Basically, flight to safety still means gold and US dollar. However, we must understand that unless they invest these dollars in the US equity market or actively trade treasuries, there is very little return and the money would have to be returned or invested in growing GDP markets.
Also, the rating agencies (as usual) are behind time, resulting in rating bearing little co-relation to reality which distorts cost of credit. We only need to examine accepted facts to understand where the world is going.
Growth Rate
The forecast GDP growth rate during the next 3-5 years for the following countries are (%):
- US: 1.8;
- Europe: 0.8;
- East Asia: 8;
- China: 8.5;
- India: 8.
This reflects the level of structural adjustments required in the Western countries in terms of asset bubbles, financial contagion, stimulus, exchange rate, etc.
A high GDP growth rate on the other hand indicates that these countries were not structurally affected by the crisis.
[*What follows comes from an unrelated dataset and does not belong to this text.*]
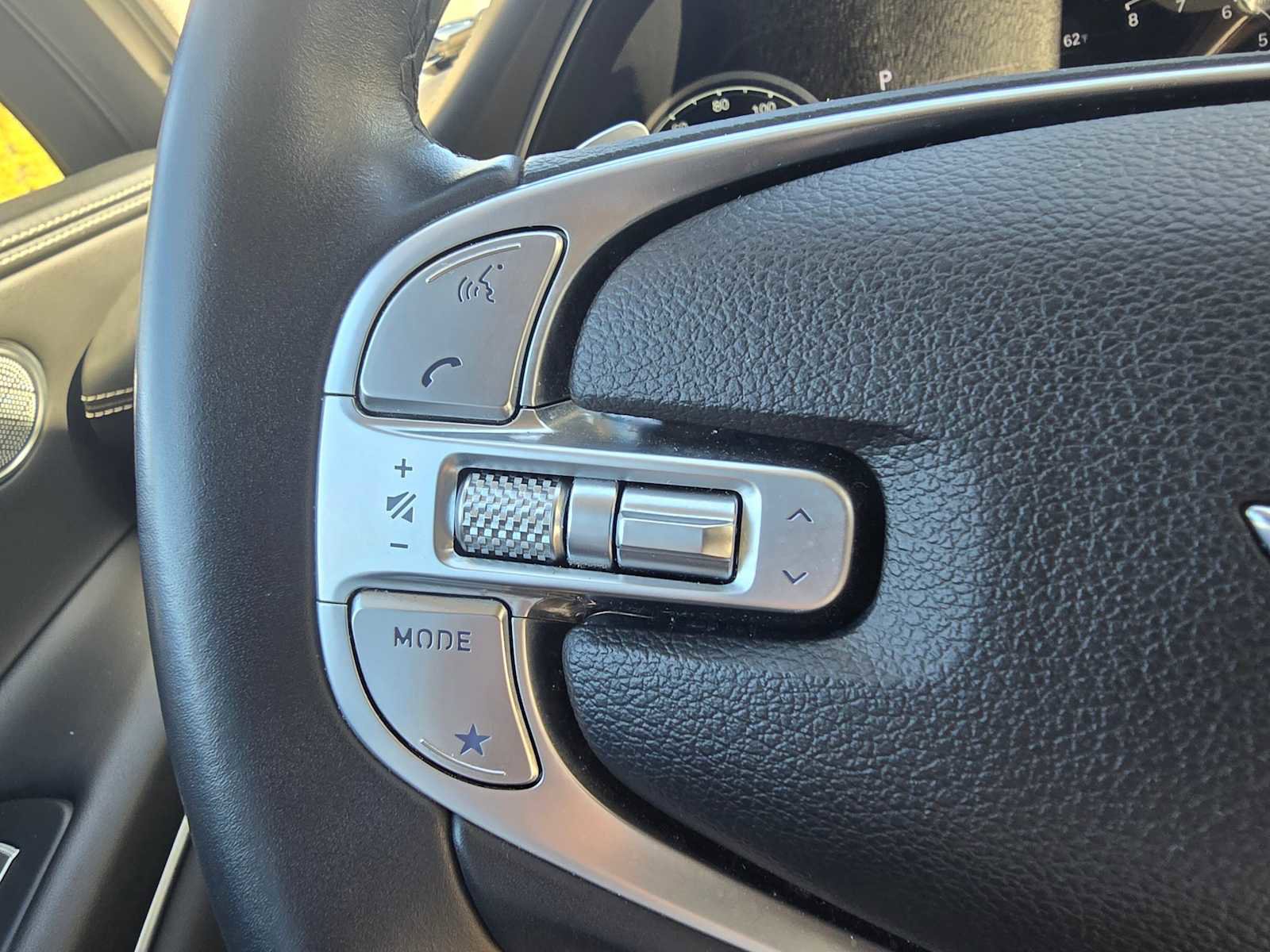 Used 2024 Genesis GV80 2.5T image 33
It also provides the countries with flexibility and time in addressing their problems.
Composition of Trade Between Countries
An examination of the growth/change between regional blocks is illuminating. Basically, the US and Europe, while important, are rapidly reducing as % of total trade while Middle East, Asian and African trade is increasing and also being focused upon strategically India-China trade has grown and will continue to grow exponentially. Political equations will be subject to economic reality.
Asia’s contribution to global merchandise trade has been increasing steadily over the years. In fact, Asia is the second-highest contributor to total global trade flows behind Europe. On the exports front, the Asian region has become the primary exporter to the advanced economies, especially the US region in the pre-crisis period.
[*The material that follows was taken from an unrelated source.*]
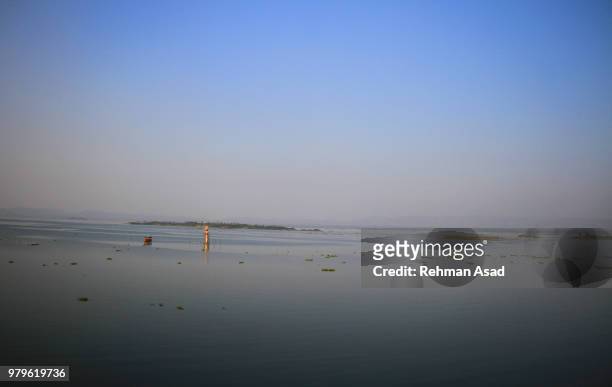 largest lake in bangladesh - dispersal botany fotografías e imágenes de stock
However, imports have also started to pick up over the last few years as the Asian region (particularly China) is trying to change its economic structure from being export dependent to consumption driven. Overall, the contribution of Asian trade to total global trade has risen from 18.8% in 1983 to 24.8% in 1993 to 27% in 2008.
Africa’s trade with the rest of the world is also increasing though more moderately than in Asia. Africa’s share increased from 2.6% in 1993 to 3.2% mark in 2008.
There are important changes taking place within China as well. Growth is becoming less dependent on exports and more on internal demand.
Europe’s Govt sector a drag for years to come
The consolidated budget deficit or net borrowings for the eurozone in 2010 is likely to be close to 7% of its GDP. Even in the best case scenario, the net borrowing for the region is likely to remain over 4.5% in 2015. To put this in perspective, the ratio was just 1.2% in 2006. Also, government spending averaged 50% GDP and will not be anywhere close going forward, with resultant impact on the GDP.
Currency and Commodities
Currency and commodity markets will drive Asia’s growth momentum. Strong GDP growth both in China and India will power the demand for commodities. Structural bottlenecks in supply for a whole range of commodities from agricultural to mineral oil mean that prices in the long term are headed northward.
Besides, investors seeking higher returns on their investment will flock to Asia; this will result in a flood of capital and Asian currencies will see a phase of secular rise against their G-7 counterparts. This could erode export competitiveness, and economies within Asia such as India and Indonesia that are more internally focused, will outperform the others.
Unemployment
Employment is known to lag economic recovery and even if the growth cycle were to turn in the US and parts of Europe, it might take 2-3 years for the unemployment rate to go significantly below the current levels of close to 9%. Economies on the periphery of Europe such as Spain, with unemployment of around 25%, have seen permanent damage to their growth model and that will be difficult to repair.
Currency
In the short term, the uncertainty surrounding Europe, the possibility of deflation in China’s housing bubble will see a sustained search for safety. Old habits die hard and despite the US economy’s myriad problems, US treasury bonds remain the preferred safe haven for investors.
Thus, unless sentiment improves significantly and risk-appetite returns, the bid for the dollar will continue. In the longer term, however, America’s structural imbalances (particularly its fiscal overstretch) will catch with the dollar.
Since Europe and the UK find themselves in worse straits, much of the depreciation in the dollar will be vis-à-vis the Asian currencies and not the euro or the pound. The euro will survive but remain sickly in the foreseeable future.
India is destined for big things!!!. The real world is moving and the financial world will recognise events with a Lag.